Not alone did he dominate his defensive patch, the towering wing-back also found time to tally 36 championship points in 2022 – 30 from placed balls and six from open play.

“It's hard to digest, really,” Byrnes admitted about his award. “Even to be nominated, it took me a while to process that, to be honest. Hand on heart, it's something I've never been striving for … I'm here now and it's like, 'woah', you nearly have to take a step back.

“I'm sure I'll be meeting people that are delighted for me, and I can sense that already in Patrickswell. I'm really honoured. It's a fantastic occasion for me as an individual, for my partner, and my family.

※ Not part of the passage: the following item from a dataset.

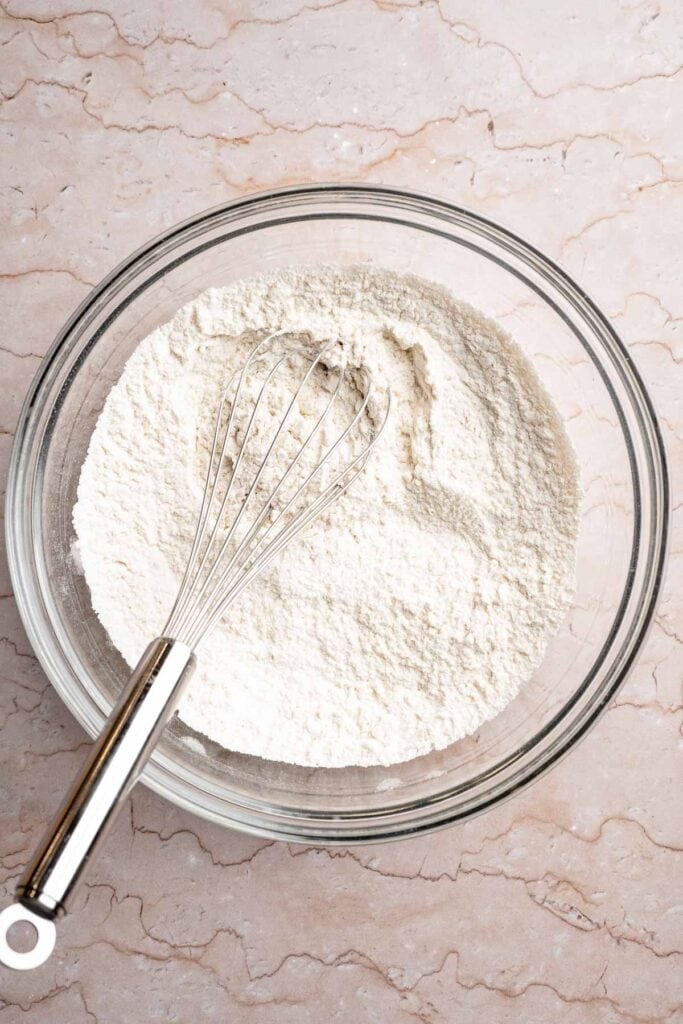 Festive red and green M&M Christmas Cookies that are soft, chewy, and crisp at the edges. Quick and easy, ready in about 20 minutes. | aheadofthyme.com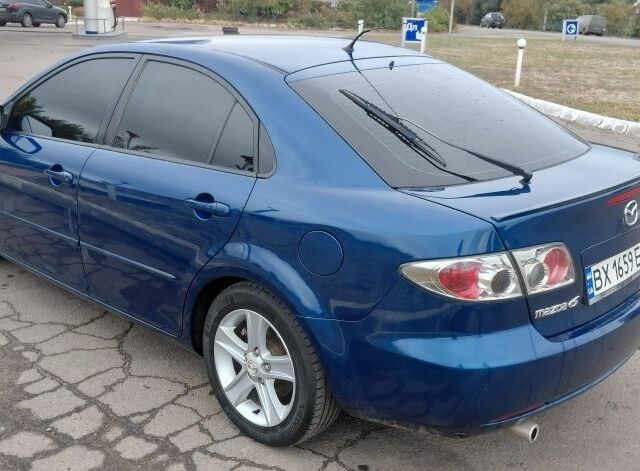 Синий Мазда 6, объемом двигателя 2 л и пробегом 168 тыс. км за 3300 $, фото 2 на Automoto.ua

"Because they're the ones closest to me and see my sacrifice. They know when I'm training and the hours I'm gone every week. To bring it home for the family, first and foremost, is very special.”

Reflecting on Limerick’s historic period of dominance, Byrnes insisted they don’t take it for granted.

“The last couple of years have been just incredible,” the 28-year-old added.

“You always hear lads talking about how they were there in '94 and '96. And even now as I get older and having won one, I would have been so happy for those lads to win it back in the nineties.

“I look at men like Ciaran Carey, Gary Kirby, Barry Foley in our club. To see the success we've had and the enjoyment that we have gotten out of it, I would be so happy to be able to give them just one of mine. They were so close in their time.

“Because of situations like that, we have learned to be so grateful for what we have. It's nothing we'll be taking for granted going into next season.

"Three-in-a-row, fantastic. But, come January, it's time to knuckle down and it'll be every man for himself and just tear into the season and be the best you can for the team.”